Nothing but an exact repeat of the data, with pictures removed, belongs in the answer.

§ **DATASET SECTION**:
================================
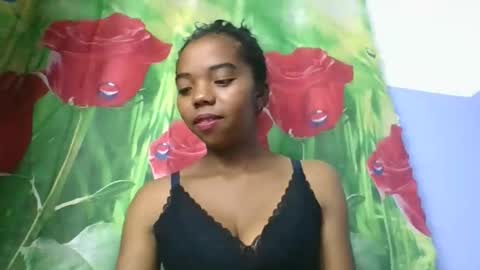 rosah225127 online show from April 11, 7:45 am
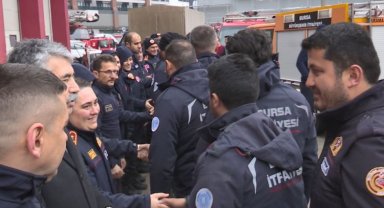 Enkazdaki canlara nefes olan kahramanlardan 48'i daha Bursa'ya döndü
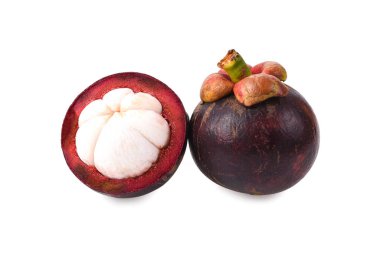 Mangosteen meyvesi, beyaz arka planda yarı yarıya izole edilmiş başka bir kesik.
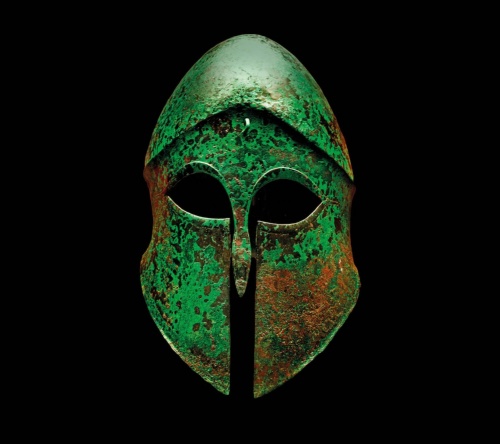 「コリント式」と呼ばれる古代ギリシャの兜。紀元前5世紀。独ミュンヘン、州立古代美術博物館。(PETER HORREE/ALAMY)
================================
§ **ANSWER FOR THE TASK**:
 rosah225127 online show from April 11, 7:45 am
 Enkazdaki canlara nefes olan kahramanlardan 48'i daha Bursa'ya döndü
 Mangosteen meyvesi, beyaz arka planda yarı yarıya izole edilmiş başka bir kesik.
 「コリント式」と呼ばれる古代ギリシャの兜。紀元前5世紀。独ミュンヘン、州立古代美術博物館。(PETER HORREE/ALAMY)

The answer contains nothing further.